Sir yessir!!! That is a fantastic post... 

Gary


----------



## GASoline71 (Aug 13, 2010)

RandyMac said:


> Thanks Gary, I must be slippin'



You bet pard'... We used to get chastised by the old sawbuck on the crew if the buckin' crew used wedges... 

"Wedges are for fallers and queers... you ain't no faller."



Gary


----------



## Burvol (Aug 13, 2010)

Learn to use all that weight to your advantage. Moving your cut around or over, can shift weight to your play. 

Also: Don't buck the damn log from the easy open side when dealing with wound up or loaded timber. It can break your legs. Don't ask me how I know. I did not bust my leg, but I have been spanked so hard I was thrown 20 feet foreward, propeled by my shins. I laid at home for a few days and drank beers. 

What Burv says lol: The side that opens easy in a bind will break your legs. 

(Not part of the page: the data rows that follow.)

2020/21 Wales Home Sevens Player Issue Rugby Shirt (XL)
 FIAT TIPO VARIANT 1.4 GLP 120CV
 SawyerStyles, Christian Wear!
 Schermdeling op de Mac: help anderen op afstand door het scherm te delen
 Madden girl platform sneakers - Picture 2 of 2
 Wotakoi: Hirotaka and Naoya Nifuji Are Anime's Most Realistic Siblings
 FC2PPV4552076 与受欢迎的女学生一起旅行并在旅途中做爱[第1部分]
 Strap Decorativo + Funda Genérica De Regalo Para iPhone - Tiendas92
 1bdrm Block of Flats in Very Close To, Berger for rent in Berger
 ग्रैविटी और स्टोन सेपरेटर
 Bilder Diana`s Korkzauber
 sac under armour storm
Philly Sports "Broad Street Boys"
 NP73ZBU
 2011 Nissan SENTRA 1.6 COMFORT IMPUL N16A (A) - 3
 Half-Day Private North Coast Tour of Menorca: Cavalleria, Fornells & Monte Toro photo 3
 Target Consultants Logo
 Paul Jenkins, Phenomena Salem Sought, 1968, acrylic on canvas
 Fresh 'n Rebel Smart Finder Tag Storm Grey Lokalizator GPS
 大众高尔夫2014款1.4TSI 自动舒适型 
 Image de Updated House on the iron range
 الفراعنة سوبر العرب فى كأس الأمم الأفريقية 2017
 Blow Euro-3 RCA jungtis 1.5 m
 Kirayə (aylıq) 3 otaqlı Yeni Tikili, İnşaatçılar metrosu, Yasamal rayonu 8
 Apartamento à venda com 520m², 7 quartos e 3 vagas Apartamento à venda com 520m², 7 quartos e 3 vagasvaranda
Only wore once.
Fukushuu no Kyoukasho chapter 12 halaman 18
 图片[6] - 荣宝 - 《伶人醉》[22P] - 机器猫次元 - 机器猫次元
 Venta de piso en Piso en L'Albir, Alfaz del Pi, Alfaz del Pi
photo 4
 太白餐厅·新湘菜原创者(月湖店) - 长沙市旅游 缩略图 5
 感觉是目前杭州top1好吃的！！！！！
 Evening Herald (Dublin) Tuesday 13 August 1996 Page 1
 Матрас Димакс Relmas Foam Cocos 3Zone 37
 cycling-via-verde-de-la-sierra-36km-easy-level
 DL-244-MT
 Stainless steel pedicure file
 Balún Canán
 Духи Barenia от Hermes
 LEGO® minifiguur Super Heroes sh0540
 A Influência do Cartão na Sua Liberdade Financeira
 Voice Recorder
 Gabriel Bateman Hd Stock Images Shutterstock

Now then: Many agree/disagree on putting a boot up on the log during the buck. I love it. If in doubt, it aids in telling me what the pressure is doing, not just my bar reading alone. If you happen to be in bind, it will throw you back and away from danger. Want a sprained knee or busted leg?


----------



## Brian13 (Aug 13, 2010)

Just subscribing. Hope to learn a thing or two.


----------



## donthraen (Aug 13, 2010)

Eccentric said:


> Subscibed to this thread........................after being mildly chastised by Gary...opcorn::agree2:



Hi -We got in trouble sore


----------



## Slamm (Aug 13, 2010)

I dislike buckin up logs.

I don't mind falling, it seems like work is getting started and getting done, after a little while you can look around and see a vast expanse of destruction and grin, LOL.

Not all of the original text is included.